The aim of the present study was to elucidate the patterns of structural connectivity of the human left temporal pole (TP) subregions with distinct cytoarchitecture. To this aim, based on a recent histological study of the temporal pole (Ding et al., 2009) and utilizing an automatic cortical parcellation technique, we created three cytoarchitectonically distinct cortical TP subregions and subsequently used these as seeds for diffusion tractography. We then recorded and compared tractography profiles between each of the TP subregions, and the entire brain. Our results indicate that each TP subregion has an overlapping yet distinct pattern of extensive structural connections with cortical and subcortical brain areas. We demonstrated these connections in two ways. First, white matter population maps (group-average connectivity maps) (Figure 2) showed four association fiber bundles—the uncinate fasciculus (UF), inferior longitudinal fasciculus (ILF), middle longitudinal fasciculus (MdLF), and arcuate fasciculus (AF)—emanating from the TP with a dorsal-ventral segregation; the dorsal TP has predominant connectivity with the MdLF and AF, whereas the ventral TP has predominant connectivity with the UF. Second, statistical analysis of streamline density comparing structural connectivity strength across the TP subregions revealed differences across the three subregions. Specifically, the dTP showed structural connectivity with the majority of the parietal cortex, the vlTP with widespread frontal, parietal, temporal and occipital cortical areas, and the vmTP with medial frontal and temporal areas (Figure 3). Given the distinct cytoarchitecture of the TP subregions, our results suggest a close relationship between TP subregional cytoarchitecture and structural connectivity with areas outside of the TP. Our results also suggest that the TP has more extensive structural connectivity than has been reported previously, and that this structural connectivity is the basis for the TP’s involvement in a wide range of functions including sensory perception, language, and emotion.

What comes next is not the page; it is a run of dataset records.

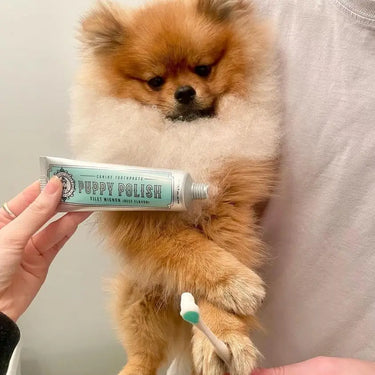 Puppy Polish Toothpaste - Filet Mignon (Beef)
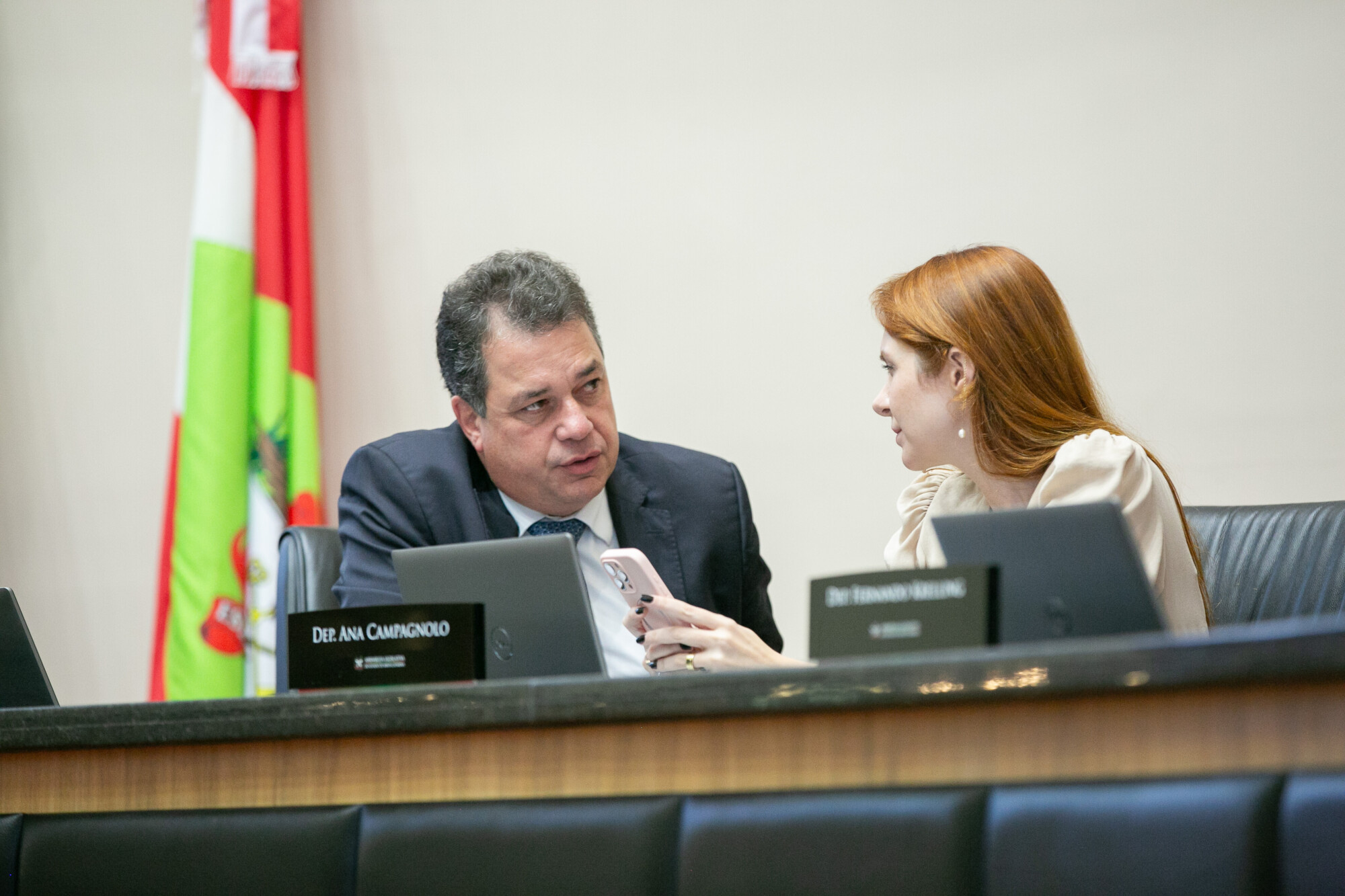 - Deputado Rodrigo Minotto (PDT) 	
- Deputada Ana Campagnolo (PL)
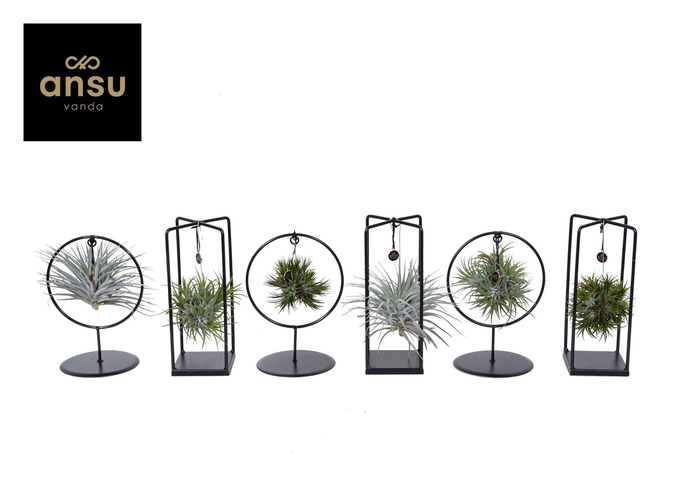 <h4>Tillandsia Cube/Ring mix (Small)</h4>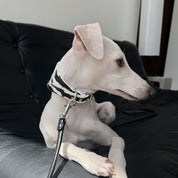 Collar de Perro Cebra Ancho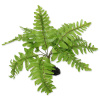 Rostlina REPTI PLANET kapradí Nephrolepis 20 cm 1ks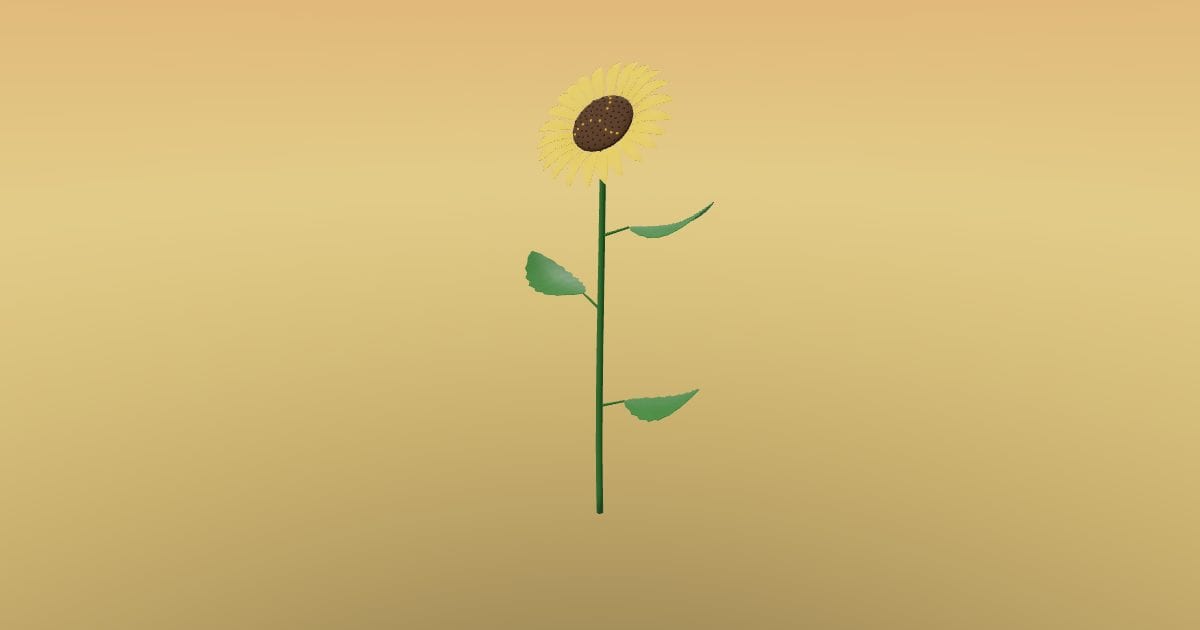 Sunflower with stem
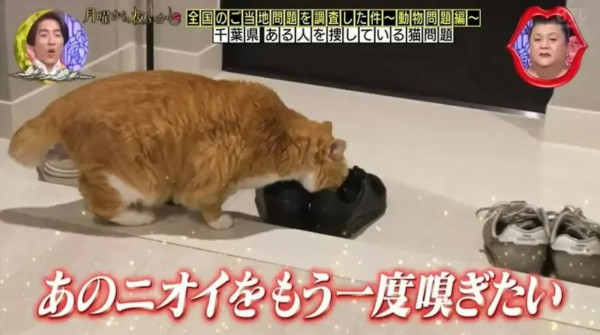 日本小貓迷戀臭鞋味！揭開六年謎團原因竟是XX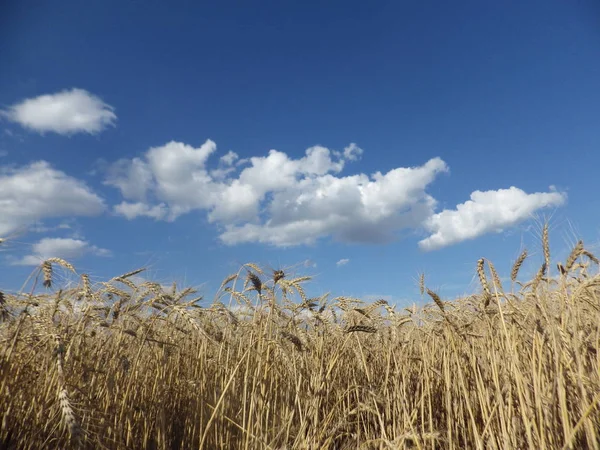 Wheat Field Blue Sky — Stock Photo, Image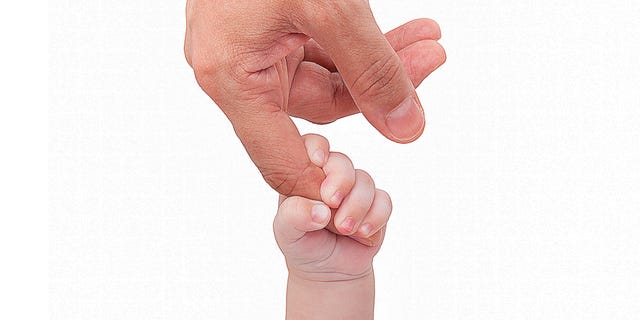 An adult hand gently holding a small child's hand, symbolizing connection and care. An adult hand gently holding a small child's hand, symbolizing connection and care.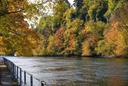 Chasse dans le RHÔNE: Paysages remarquables, particularités cynégétiques, traditions authentiques et clubs de passionnés

Le département du Rhône, situé en région Auvergn
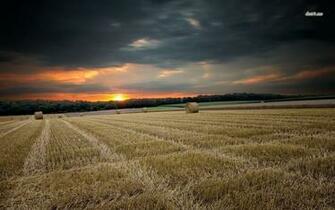 Hay Bales In The Sunset Wallpaper Nature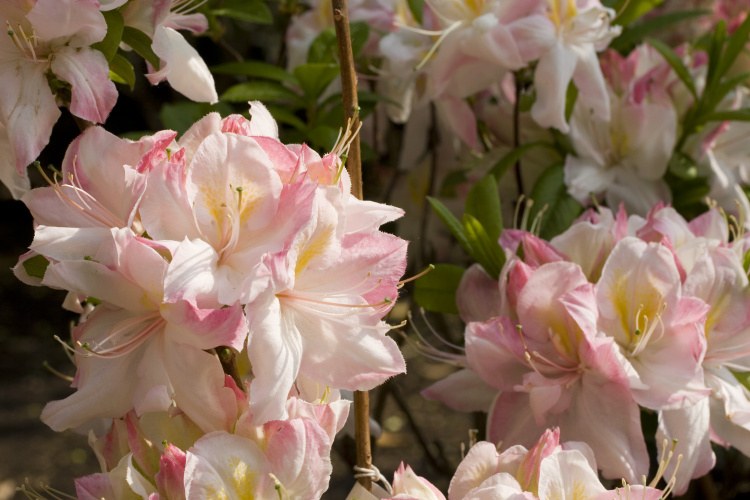 Rhododendron lut.'Satomi', Sommergrüne Azalee zartrosa weiß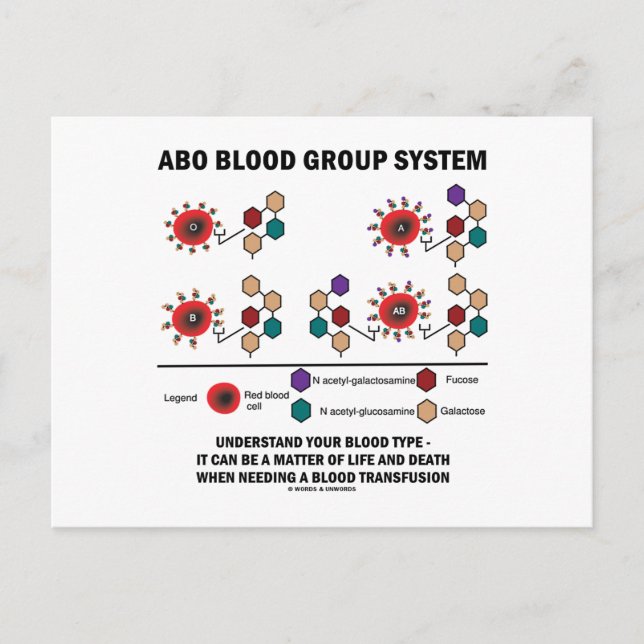 ABO Blood Group System Understand Blood Type Postcard (Front)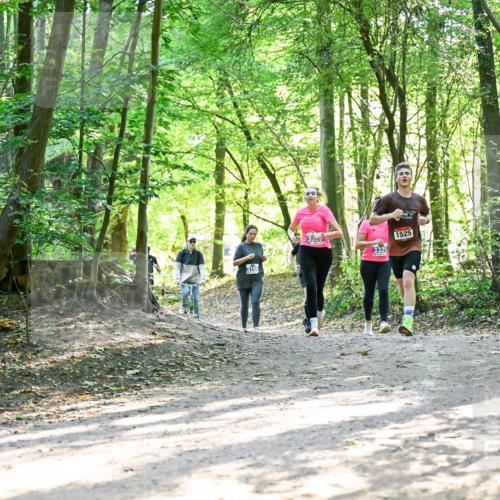 28.09.2025 - 33. Volkslauf durch das schöne Alstertal Dr. Thomas Lammeyer http://msf.ph/oto/8964564 28.09.2025 11:22:27 Laufen 3158, 3920, 3325 meine-sportfotos.de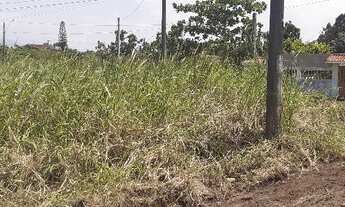 Imagem 4: Terreno Peruibe Balneario São Jose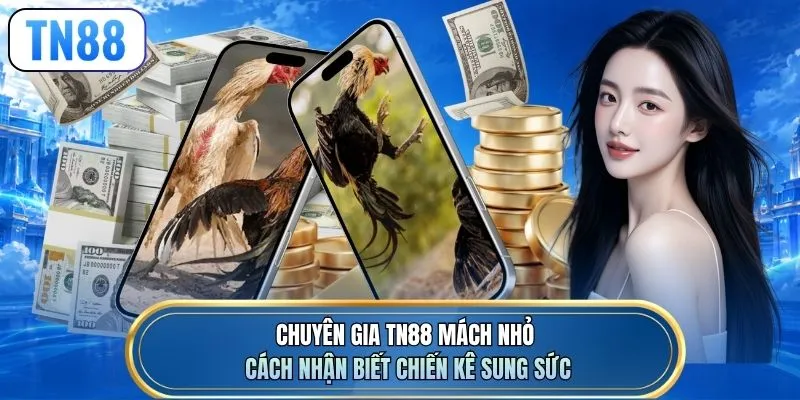 Chuyên gia TN88 mách nhỏ cách nhận biết chiến kê sung sức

The unique feature of this study compared with previous TP structural connectivity studies is that we used seeds for tractography based solely on the sulco-gyral patterns of the TP, which correspond with the cytoarchitecture of the TP (Ding et al., 2009). We successfully showed that the TP subregions created without prior knowledge of their connectivity profile have distinct structural connectivity patterns. Furthermore, we explored comprehensive structural connectivity of the temporal pole subregions without excluding any cortical target regions from the analysis. Consequently, the number of regions determined to be connected with the left TP was 25 (out of 35 target regions examined), which is very large compared with previous studies in which predetermined target regions were used [i.e., 6 (Binney et al., 2012), 8 (Papinutto et al., 2016), and 17 (Fan et al., 2013) target regions]. The present study builds on these previous TP connectivity studies, and our results for the most part agree with those studies, with a few notable exceptions described below.

Dorsal temporal pole

The dTP showed stronger structural connectivity with broad areas of the parietal lobe than did the other TP subregions based on the statistical analysis of streamline density (Figure 3). This connectivity seems to be largely through the MdLF, as the population map clearly delineated that MdLF extended from the dTP to the parietal lobe (Figure 2). Our findings are consistent with previous studies that have shown that the MdLF connects the dorsal TP with the parietal lobe (Makris et al., 2013a; Duffau, 2015; Jouen et al., 2018). Makris et al. (2013a) have reported that the MdLF connects the dorsal TP with both the superior and inferior parietal lobes, suggesting that the MdLF plays an important role in language, high order auditory association, and visuospatial and attention functions.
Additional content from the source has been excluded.